Problem details:
Restate the data word for word and leave the images out.

Given data:
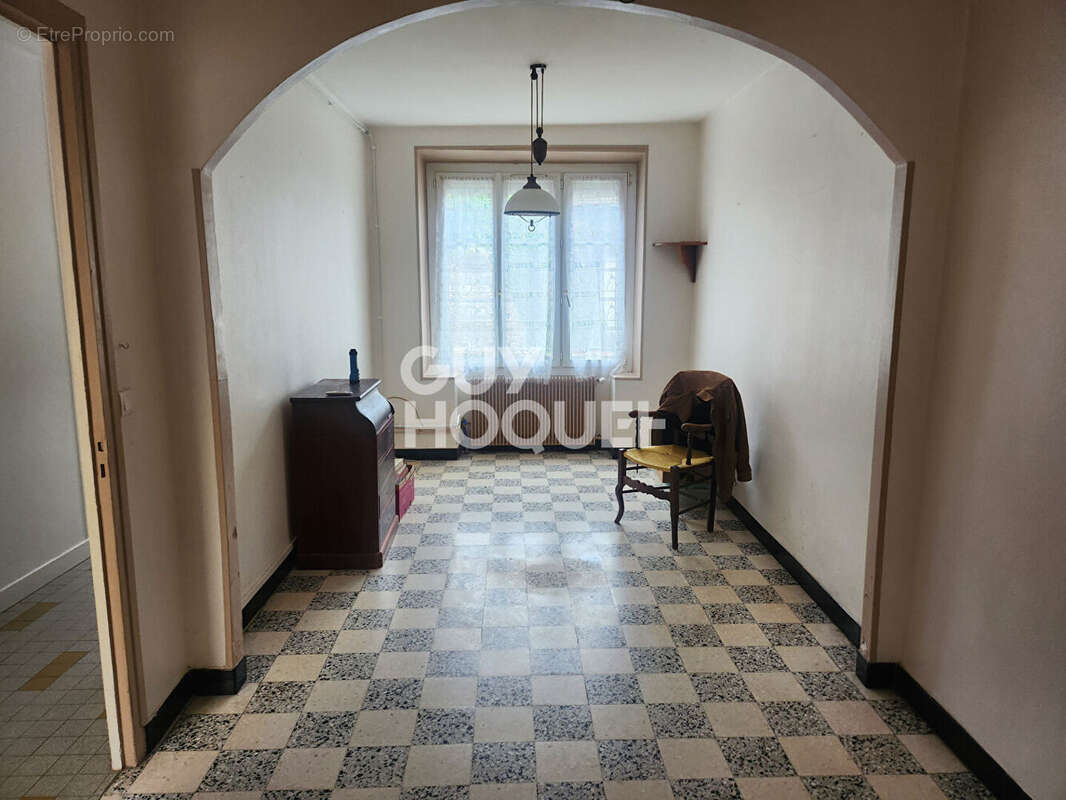 Maison à VILLIERS-SAINT-GEORGES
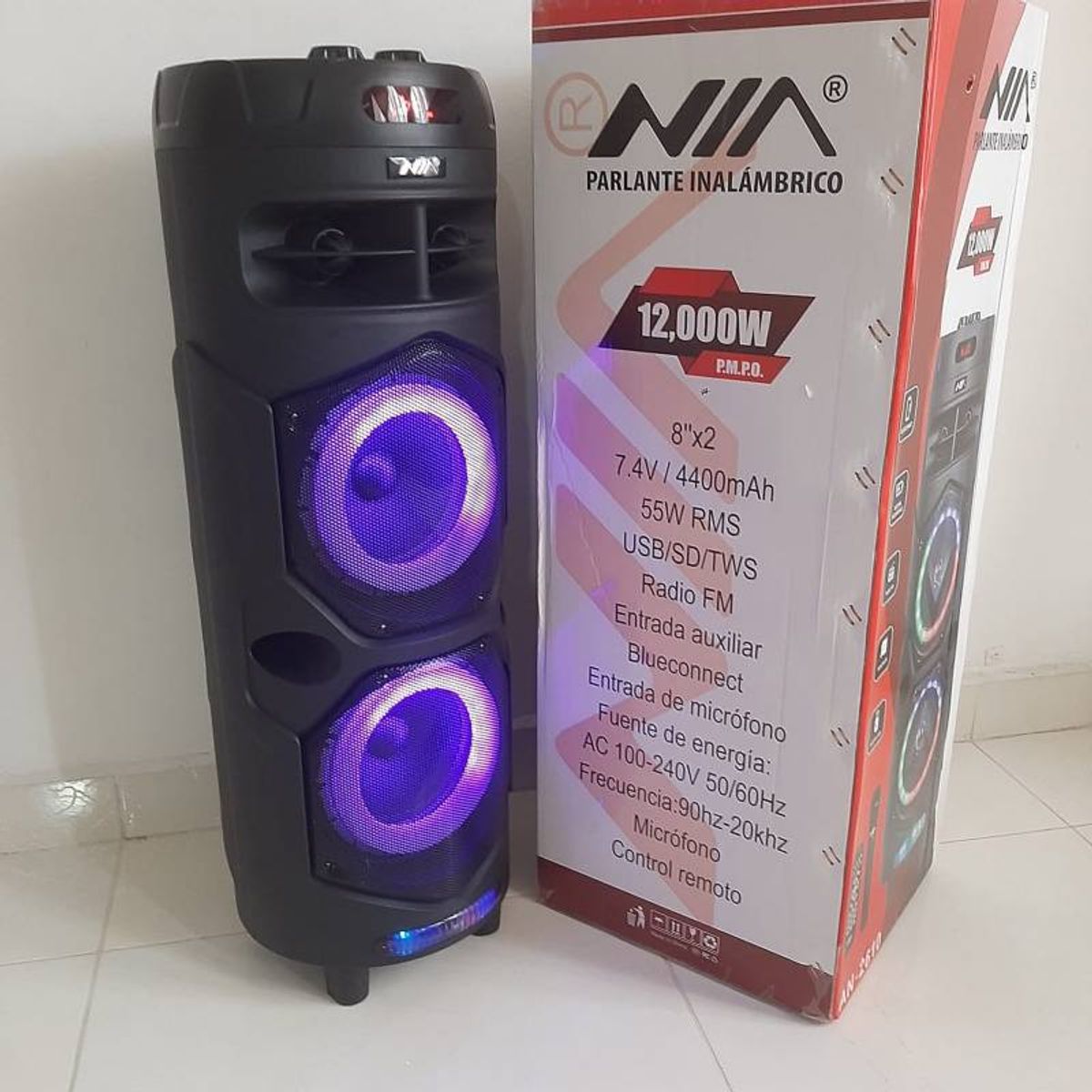 NIA - Torre de Sonido Recargable Micrófono Luces Leds FM 12000w Bluetooth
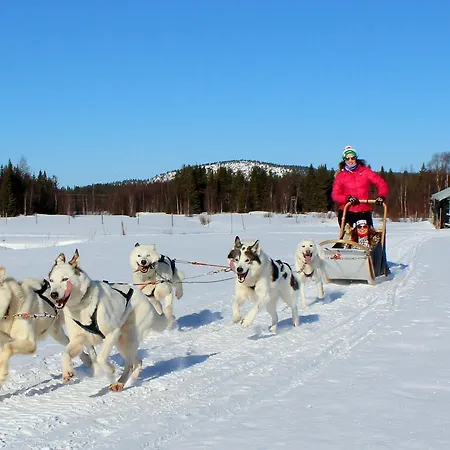 リゾート Iisakki Glass Village クーサモ
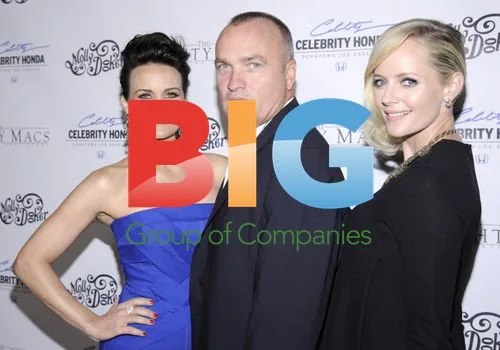Stars arrive at "The Mighty Macs" premiere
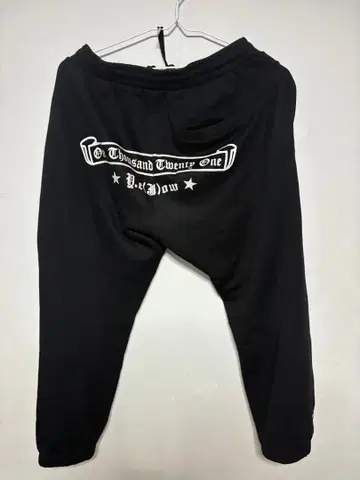 그래픽 스웨트 팬츠 블랙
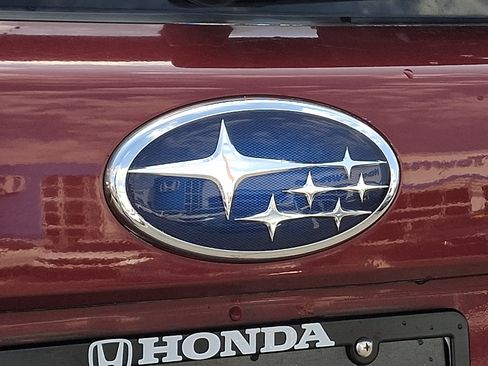 Used 2016 Subaru Forester 2.5i Touring w/ Eyesight & Navigation System AWD/4WD image 32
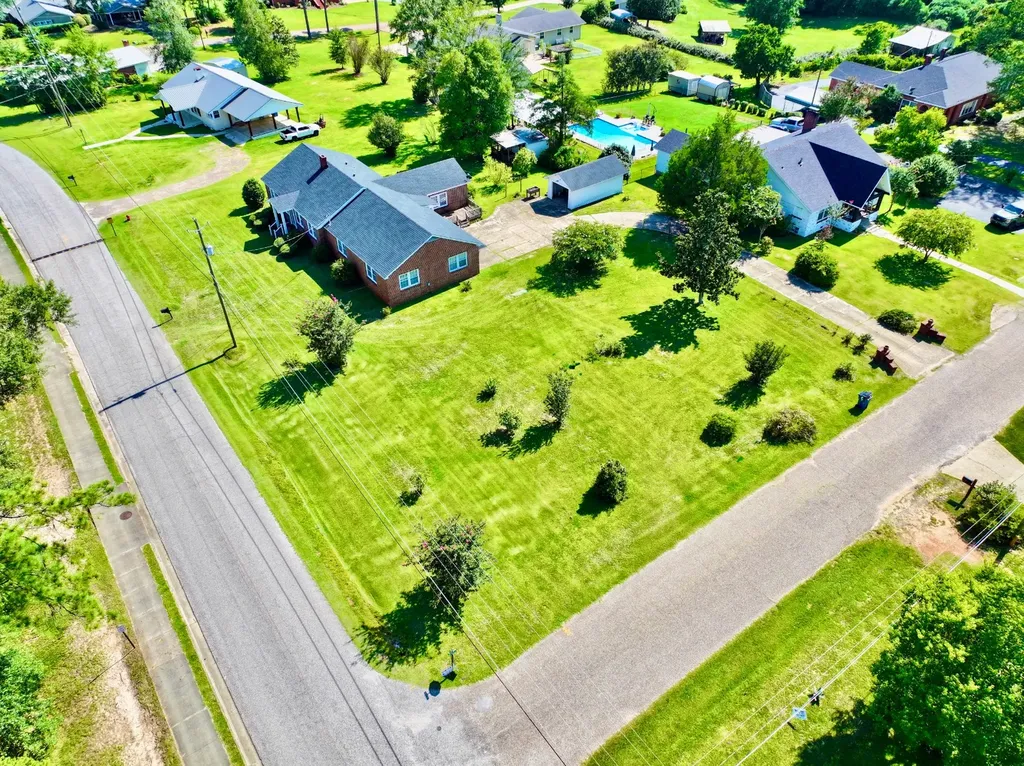 120 Oak Street Grove Hill AL 36451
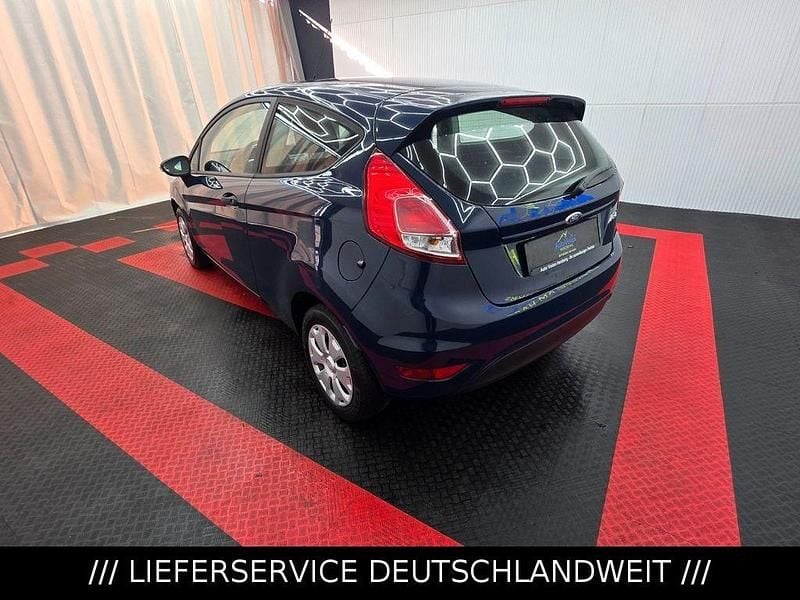 Gebraucht Ford Fiesta Ambiente 60 PS (44 kW) 2015 Blau Kleinwagen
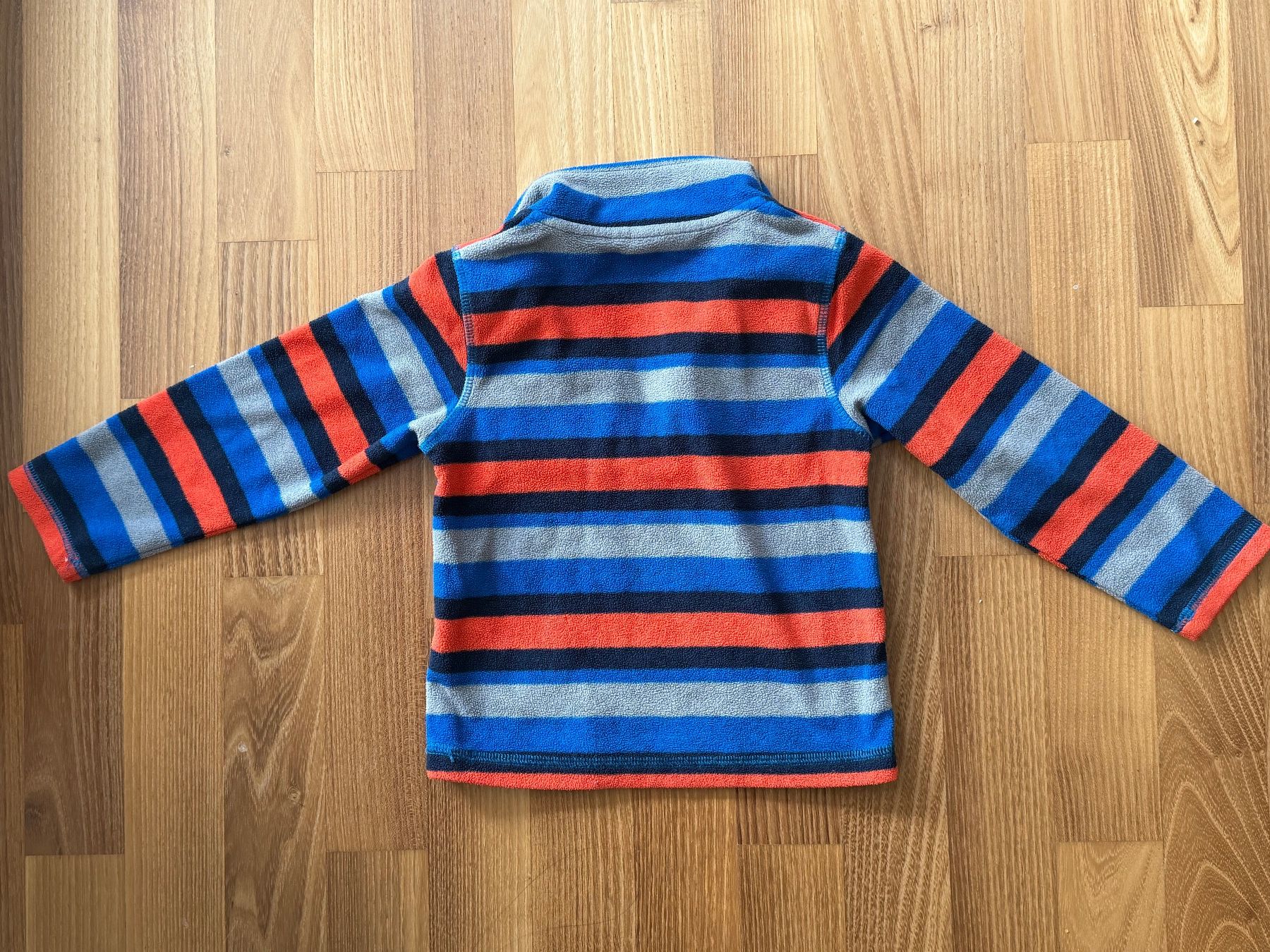 Maglioni & Felpe: McKinley Fleece Pullover gestreift Grösse 98 – Usato da Buchs SG venduto da VintageHomeCH 2
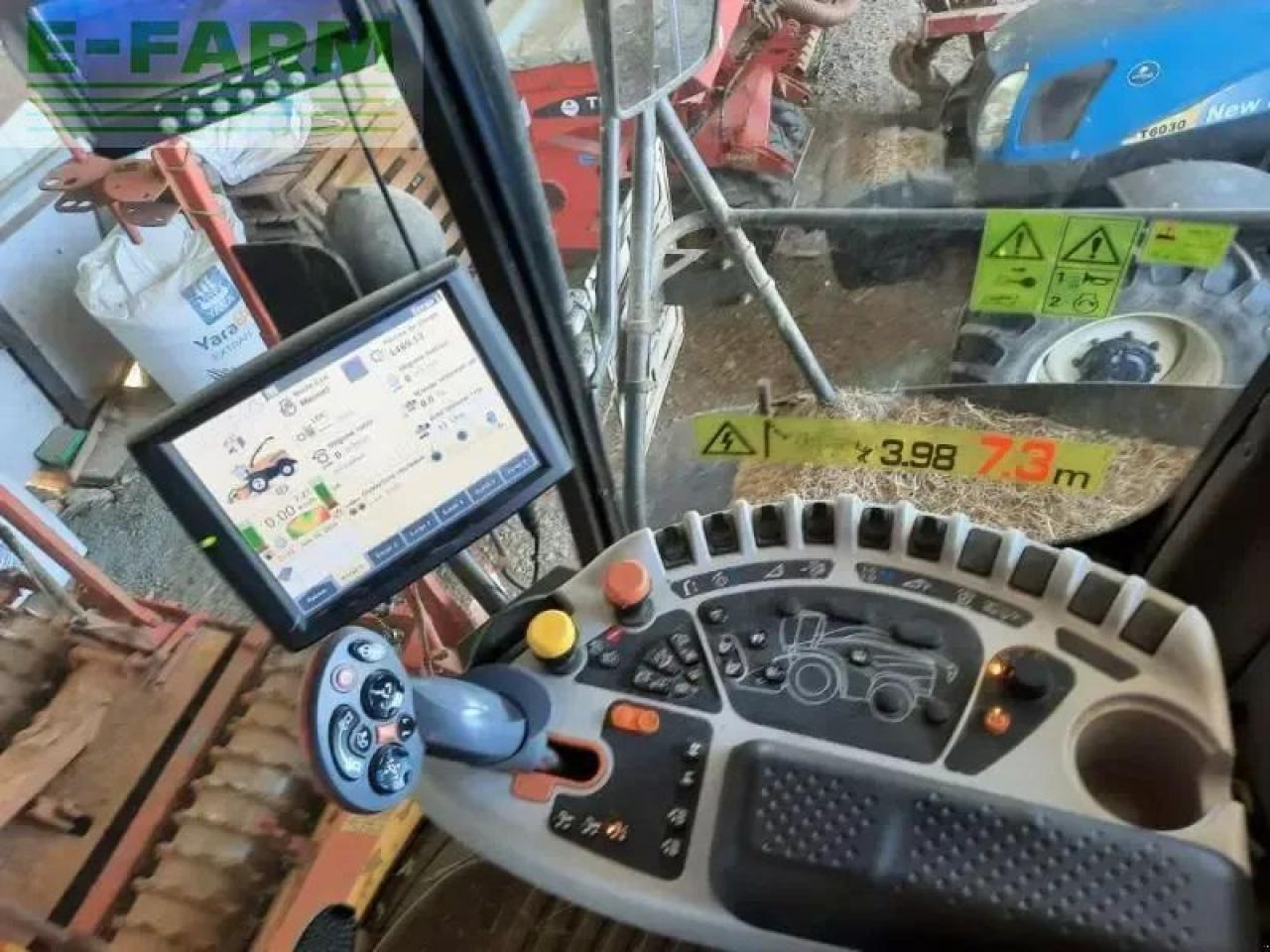 New Holland fr480 - Silažni kombajn: slika New Holland fr480 - Silažni kombajn New Holland fr480 - Silažni kombajn: slika New Holland fr480 - Silažni kombajn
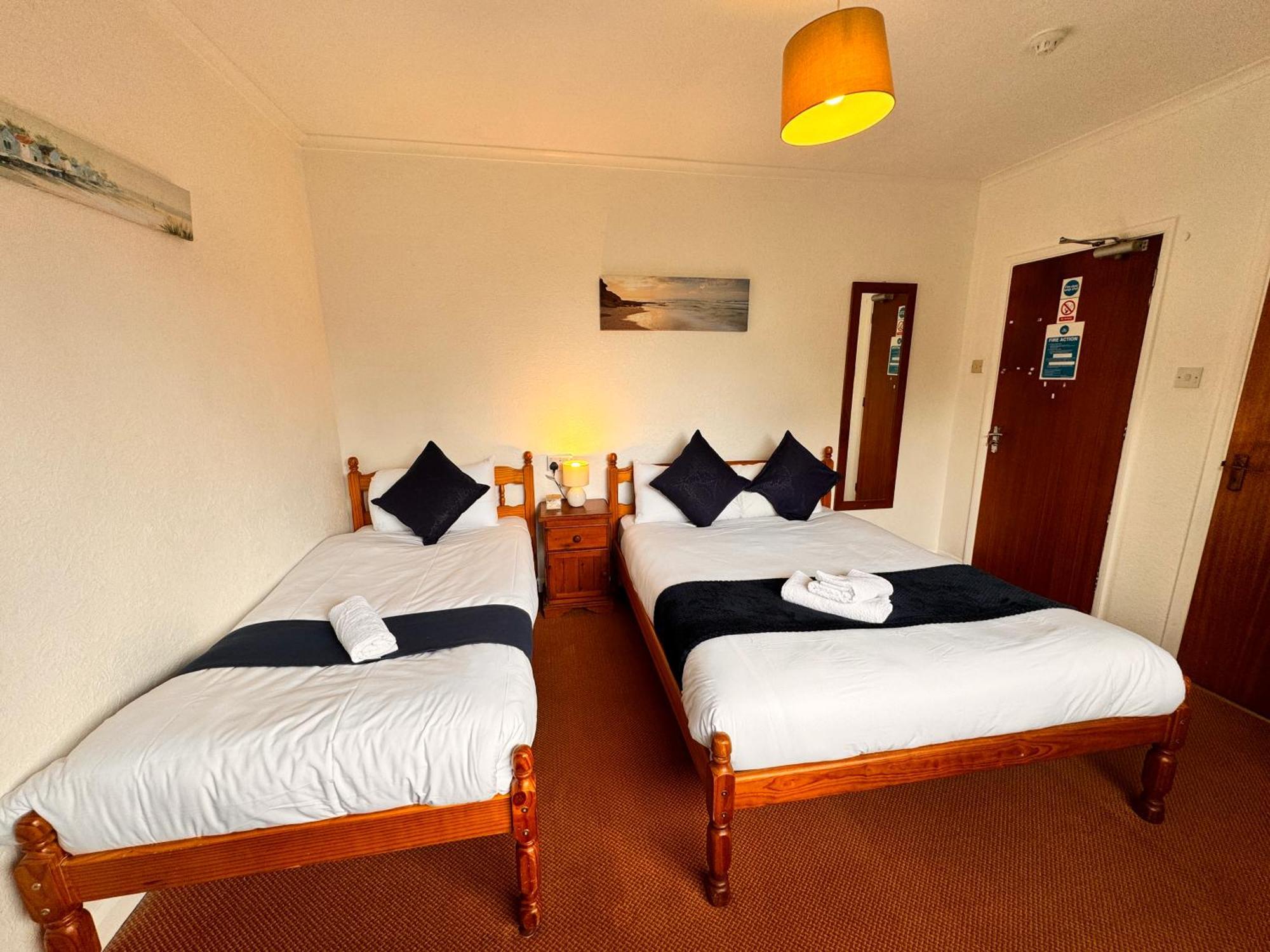 High Trees Guest House Gatwick Horley Dış mekan fotoğraf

Worked solution:
 Maison à VILLIERS-SAINT-GEORGES
 NIA - Torre de Sonido Recargable Micrófono Luces Leds FM 12000w Bluetooth
 リゾート Iisakki Glass Village クーサモ
Stars arrive at "The Mighty Macs" premiere
 그래픽 스웨트 팬츠 블랙
 Used 2016 Subaru Forester 2.5i Touring w/ Eyesight & Navigation System AWD/4WD image 32
 120 Oak Street Grove Hill AL 36451
 Gebraucht Ford Fiesta Ambiente 60 PS (44 kW) 2015 Blau Kleinwagen
 Maglioni & Felpe: McKinley Fleece Pullover gestreift Grösse 98 – Usato da Buchs SG venduto da VintageHomeCH 2
 New Holland fr480 - Silažni kombajn: slika New Holland fr480 - Silažni kombajn New Holland fr480 - Silažni kombajn: slika New Holland fr480 - Silažni kombajn
 High Trees Guest House Gatwick Horley Dış mekan fotoğraf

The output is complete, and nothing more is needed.